Decreasing Term Insurance
A type of term life insurance where the death benefit decreases over time while premiums typically remain level. This insurance is often used to cover debts like mortgages that decrease over time, ensuring coverage matches the outstanding liability amount.
Example
“Robert purchased decreasing term insurance to match his $200,000 mortgage balance, knowing that as he paid down his loan over 20 years, his family's need for life insurance coverage would also decrease proportionally.”
Memory Tip
Remember 'Decreasing = Debt going Down' - as your major debts shrink, so does your insurance coverage and your family's need for protection.
Why It Matters
Decreasing term insurance provides affordable coverage that aligns with specific financial obligations like mortgages or business loans.

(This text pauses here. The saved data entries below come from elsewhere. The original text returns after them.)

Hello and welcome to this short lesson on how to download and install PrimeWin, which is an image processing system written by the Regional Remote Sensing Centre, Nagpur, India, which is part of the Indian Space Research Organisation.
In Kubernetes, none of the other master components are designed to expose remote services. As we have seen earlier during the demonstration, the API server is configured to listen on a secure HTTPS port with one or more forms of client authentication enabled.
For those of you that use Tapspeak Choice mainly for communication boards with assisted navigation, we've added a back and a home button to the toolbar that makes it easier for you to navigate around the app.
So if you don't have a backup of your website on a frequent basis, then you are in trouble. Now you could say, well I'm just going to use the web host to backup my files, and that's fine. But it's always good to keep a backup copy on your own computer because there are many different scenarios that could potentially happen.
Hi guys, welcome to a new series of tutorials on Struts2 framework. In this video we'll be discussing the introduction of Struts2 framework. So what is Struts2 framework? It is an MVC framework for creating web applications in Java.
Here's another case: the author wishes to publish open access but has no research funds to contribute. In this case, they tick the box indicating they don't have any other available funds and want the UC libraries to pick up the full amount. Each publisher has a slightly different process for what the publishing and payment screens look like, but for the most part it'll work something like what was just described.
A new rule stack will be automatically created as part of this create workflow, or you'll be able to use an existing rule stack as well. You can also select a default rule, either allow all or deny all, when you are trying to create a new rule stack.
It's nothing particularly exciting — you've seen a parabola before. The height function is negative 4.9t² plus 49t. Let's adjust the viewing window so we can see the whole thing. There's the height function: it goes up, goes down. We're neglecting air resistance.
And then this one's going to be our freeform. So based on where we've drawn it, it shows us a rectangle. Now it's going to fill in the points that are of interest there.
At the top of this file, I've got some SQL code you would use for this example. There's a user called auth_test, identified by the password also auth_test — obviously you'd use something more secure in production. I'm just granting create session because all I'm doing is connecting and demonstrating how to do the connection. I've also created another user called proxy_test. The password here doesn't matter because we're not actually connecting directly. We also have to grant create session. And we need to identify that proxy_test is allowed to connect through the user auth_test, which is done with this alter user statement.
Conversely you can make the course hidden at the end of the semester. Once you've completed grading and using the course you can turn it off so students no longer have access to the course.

This targeted approach can save money compared to level term insurance while still protecting families from inheriting debt burdens if the breadwinner dies unexpectedly.
Common Misconception
Many people confuse decreasing term with increasing term insurance or assume the premiums decrease along with the death benefit, when typically only the benefit amount decreases while premiums stay the same. Some also think it's always the cheapest option, but depending on the situation, level term might offer better value per dollar of coverage.
In Practice
A 30-year-old homeowner buys a 20-year decreasing term policy with an initial $250,000 death benefit to cover their new mortgage, paying $25 monthly in premiums. After 10 years, their mortgage balance drops to $125,000, and their death benefit has decreased proportionally to match this amount, though they still pay the same $25 monthly premium. If they die in year 15 when their mortgage balance is $75,000, their beneficiary receives exactly $75,000 - enough to pay off the remaining mortgage debt. This ensures the family home is owned free and clear without over-insuring or under-insuring the actual financial need.
Etymology
Combines 'decreasing' from Latin 'decrescere' (to grow less) with 'term' from Latin 'terminus' (boundary or limit), describing insurance with diminishing benefits over a fixed period.